→ Exercise aim: Once you reach the line containing "Getting rid of" in the data below, restate each line word for word up to and including the one containing "Lips Look Like?".
Segment Open
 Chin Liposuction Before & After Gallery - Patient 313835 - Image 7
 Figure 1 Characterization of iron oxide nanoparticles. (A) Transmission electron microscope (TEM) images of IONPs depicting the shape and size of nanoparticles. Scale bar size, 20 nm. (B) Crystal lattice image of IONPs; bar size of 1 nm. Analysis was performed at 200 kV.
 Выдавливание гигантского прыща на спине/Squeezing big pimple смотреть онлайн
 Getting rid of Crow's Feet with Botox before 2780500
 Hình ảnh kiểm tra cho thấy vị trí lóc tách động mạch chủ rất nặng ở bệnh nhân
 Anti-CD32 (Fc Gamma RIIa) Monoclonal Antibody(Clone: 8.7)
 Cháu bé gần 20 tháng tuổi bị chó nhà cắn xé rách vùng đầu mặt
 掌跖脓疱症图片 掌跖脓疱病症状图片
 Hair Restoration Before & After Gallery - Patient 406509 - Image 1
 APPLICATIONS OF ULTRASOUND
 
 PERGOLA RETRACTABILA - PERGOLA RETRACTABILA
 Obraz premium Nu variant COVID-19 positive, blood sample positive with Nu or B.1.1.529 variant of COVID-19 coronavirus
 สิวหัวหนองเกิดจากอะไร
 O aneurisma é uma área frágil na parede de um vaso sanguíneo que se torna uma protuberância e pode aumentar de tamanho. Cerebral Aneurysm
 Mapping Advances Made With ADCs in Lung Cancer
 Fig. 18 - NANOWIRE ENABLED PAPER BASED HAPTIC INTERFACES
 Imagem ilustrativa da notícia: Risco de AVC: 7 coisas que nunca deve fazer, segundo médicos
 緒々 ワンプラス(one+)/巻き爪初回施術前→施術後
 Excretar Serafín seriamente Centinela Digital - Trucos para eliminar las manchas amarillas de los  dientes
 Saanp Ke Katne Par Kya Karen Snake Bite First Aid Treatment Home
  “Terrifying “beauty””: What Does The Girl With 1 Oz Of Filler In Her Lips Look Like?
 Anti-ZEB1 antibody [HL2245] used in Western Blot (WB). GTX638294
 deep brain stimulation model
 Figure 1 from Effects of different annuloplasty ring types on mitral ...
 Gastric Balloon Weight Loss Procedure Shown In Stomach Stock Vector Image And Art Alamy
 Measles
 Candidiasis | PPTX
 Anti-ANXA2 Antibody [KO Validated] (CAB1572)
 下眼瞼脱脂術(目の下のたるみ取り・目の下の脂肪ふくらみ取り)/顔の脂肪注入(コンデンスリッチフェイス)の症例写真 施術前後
Segment Closed
→ Task output:
 Getting rid of Crow's Feet with Botox before 2780500
 Hình ảnh kiểm tra cho thấy vị trí lóc tách động mạch chủ rất nặng ở bệnh nhân
 Anti-CD32 (Fc Gamma RIIa) Monoclonal Antibody(Clone: 8.7)
 Cháu bé gần 20 tháng tuổi bị chó nhà cắn xé rách vùng đầu mặt
 掌跖脓疱症图片 掌跖脓疱病症状图片
 Hair Restoration Before & After Gallery - Patient 406509 - Image 1
 APPLICATIONS OF ULTRASOUND
 
 PERGOLA RETRACTABILA - PERGOLA RETRACTABILA
 Obraz premium Nu variant COVID-19 positive, blood sample positive with Nu or B.1.1.529 variant of COVID-19 coronavirus
 สิวหัวหนองเกิดจากอะไร
 O aneurisma é uma área frágil na parede de um vaso sanguíneo que se torna uma protuberância e pode aumentar de tamanho. Cerebral Aneurysm
 Mapping Advances Made With ADCs in Lung Cancer
 Fig. 18 - NANOWIRE ENABLED PAPER BASED HAPTIC INTERFACES
 Imagem ilustrativa da notícia: Risco de AVC: 7 coisas que nunca deve fazer, segundo médicos
 緒々 ワンプラス(one+)/巻き爪初回施術前→施術後
 Excretar Serafín seriamente Centinela Digital - Trucos para eliminar las manchas amarillas de los  dientes
 Saanp Ke Katne Par Kya Karen Snake Bite First Aid Treatment Home
  “Terrifying “beauty””: What Does The Girl With 1 Oz Of Filler In Her Lips Look Like?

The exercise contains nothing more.